Task to carry out: Since the pictures are not wanted, copy only the text of every record exactly.

BEGIN Data for this task

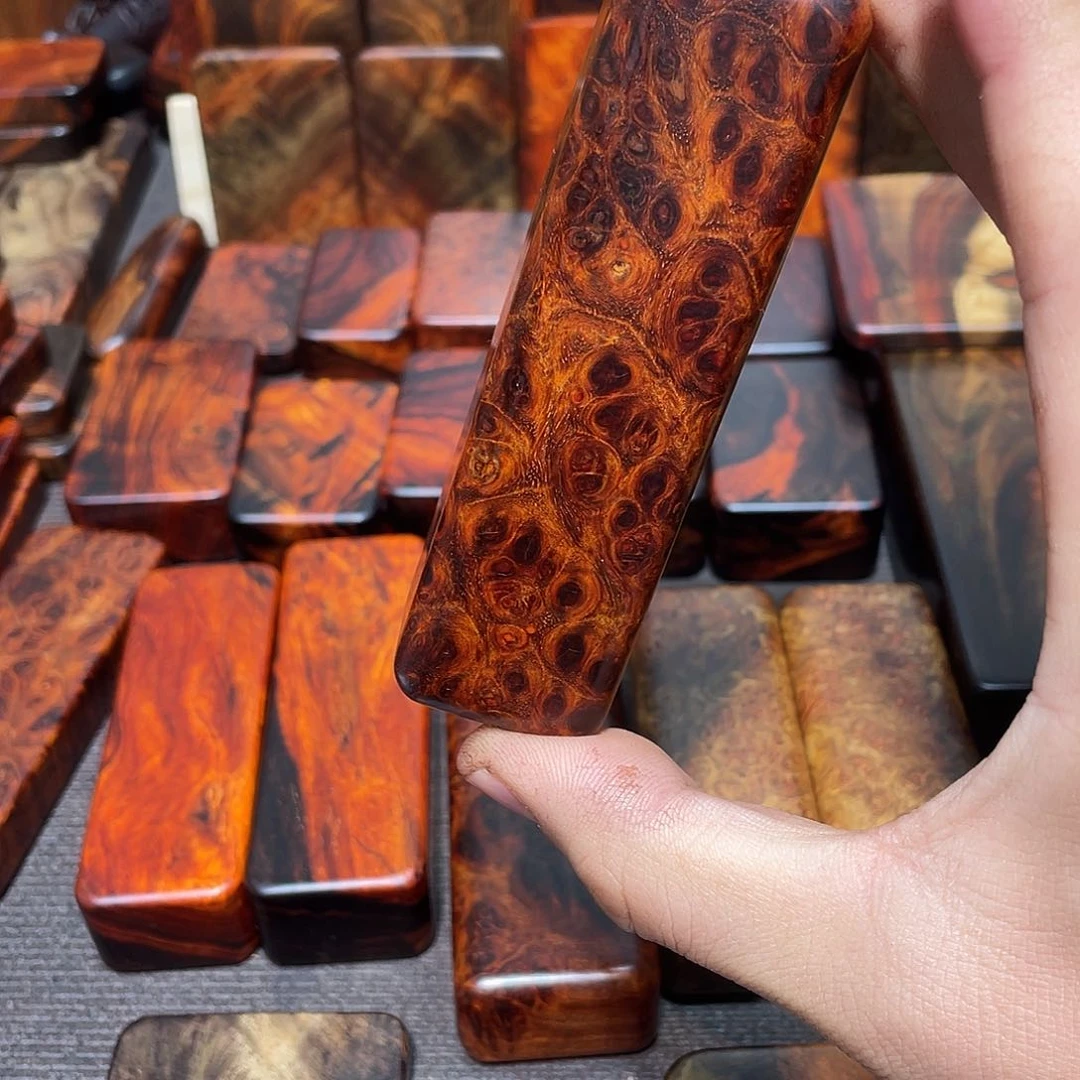 檀香紫檀（小叶紫檀）战**力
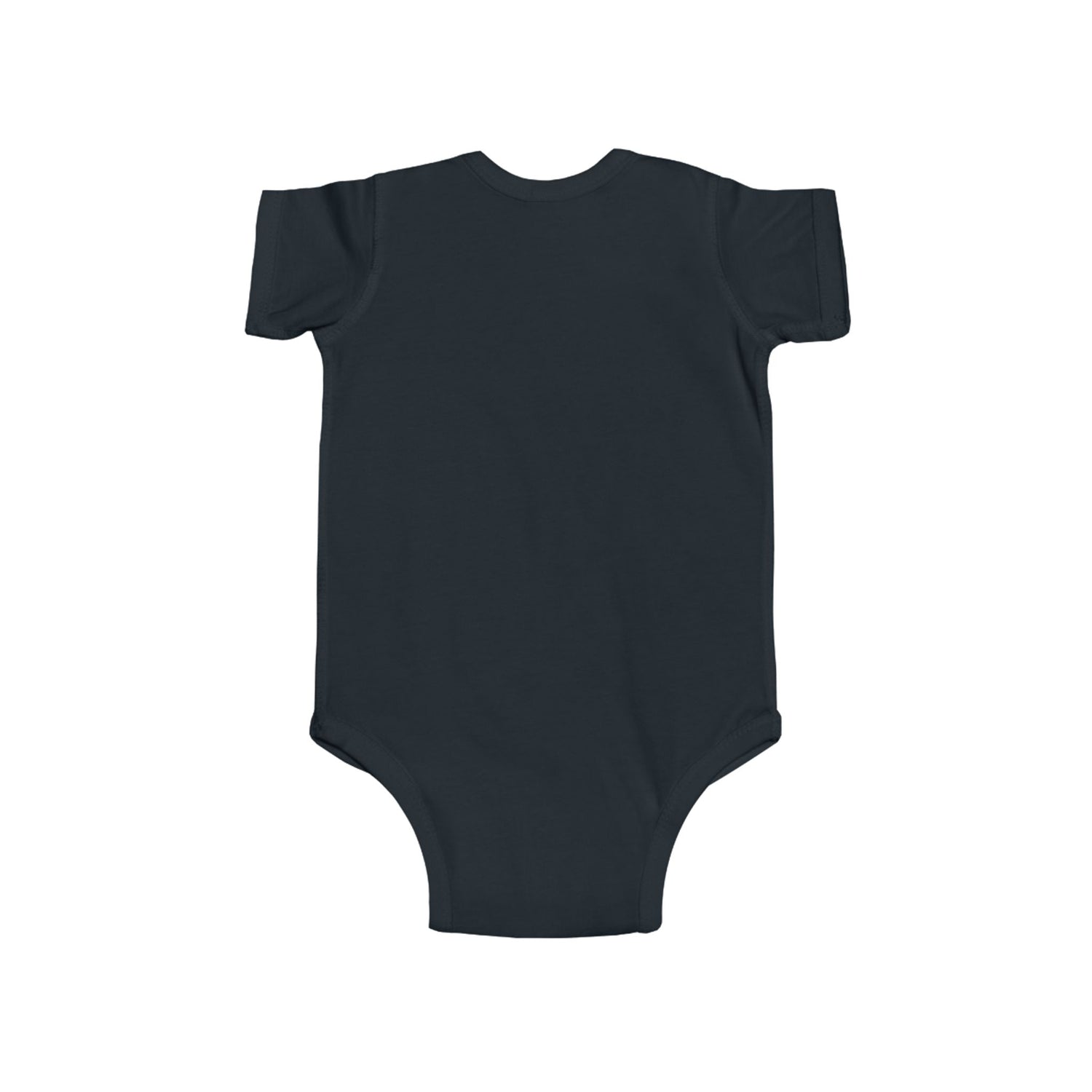 Tyger Tees Baby Bodysuit — Cute Retro Tiger Graphic Infant Onesie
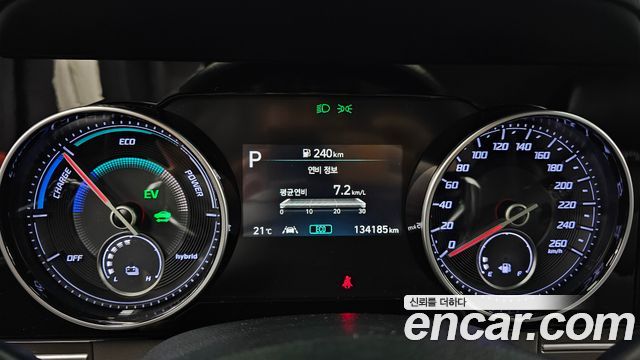 Hyundai Grandeur 2022 — photo 11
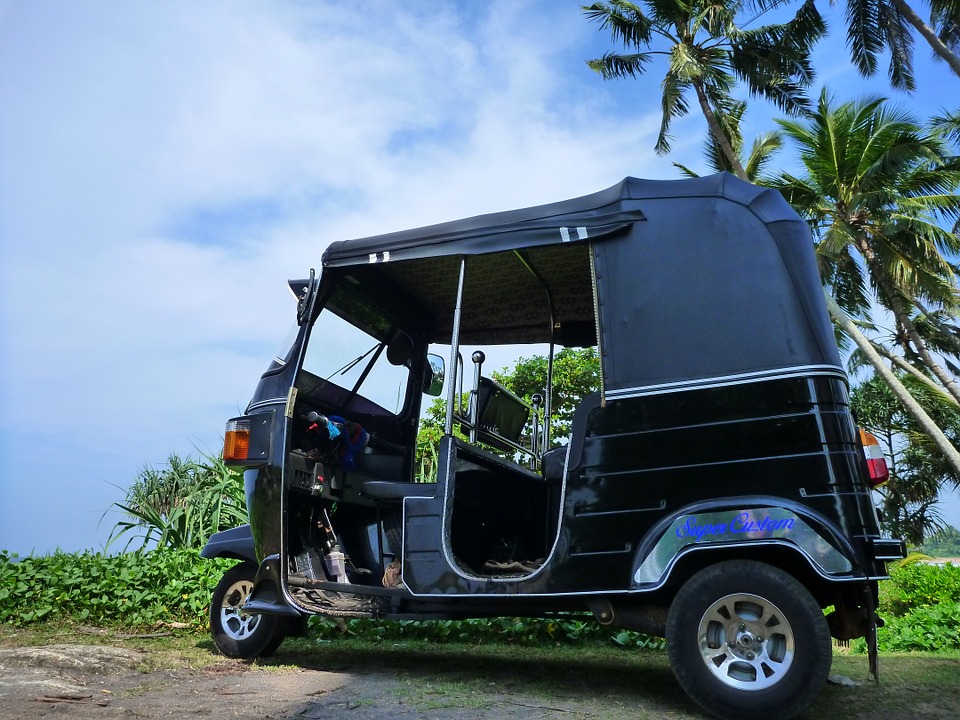 Sri Lanka launches tourist friendly tuk tuk’s to boost arrivals and attract tourists – Providing safer and high-quality tourism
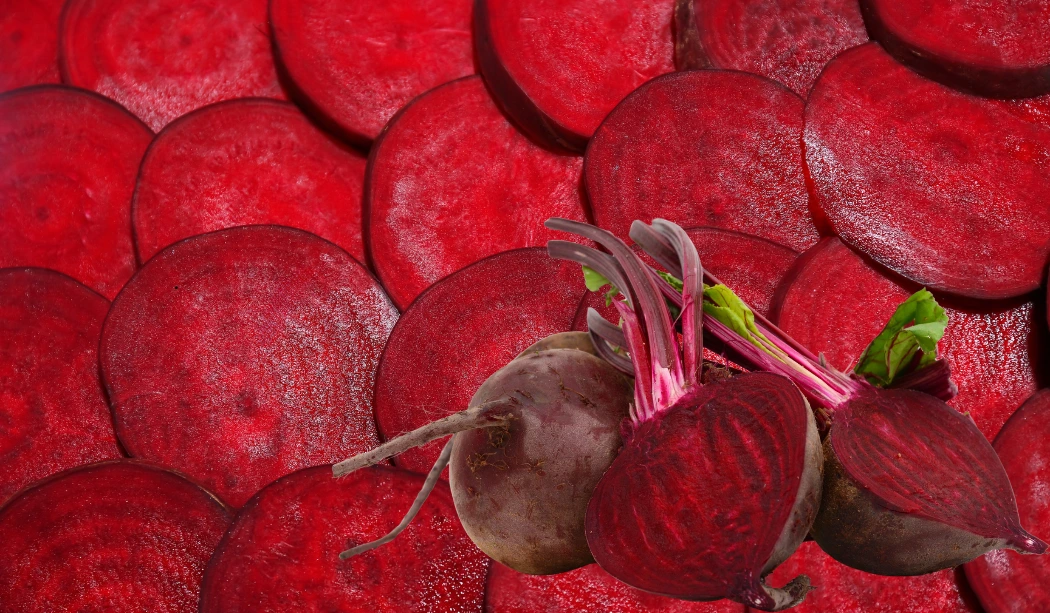 Beetroot stems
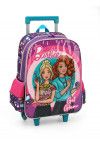 MOCHILETE BARBIE ROXO LUXCEL - REF. IC39112BB-RX - 1 UNIDADE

END Data for this task

Solution for this problem:
 檀香紫檀（小叶紫檀）战**力
 Tyger Tees Baby Bodysuit — Cute Retro Tiger Graphic Infant Onesie
 Hyundai Grandeur 2022 — photo 11
 Sri Lanka launches tourist friendly tuk tuk’s to boost arrivals and attract tourists – Providing safer and high-quality tourism
 Beetroot stems
 MOCHILETE BARBIE ROXO LUXCEL - REF. IC39112BB-RX - 1 UNIDADE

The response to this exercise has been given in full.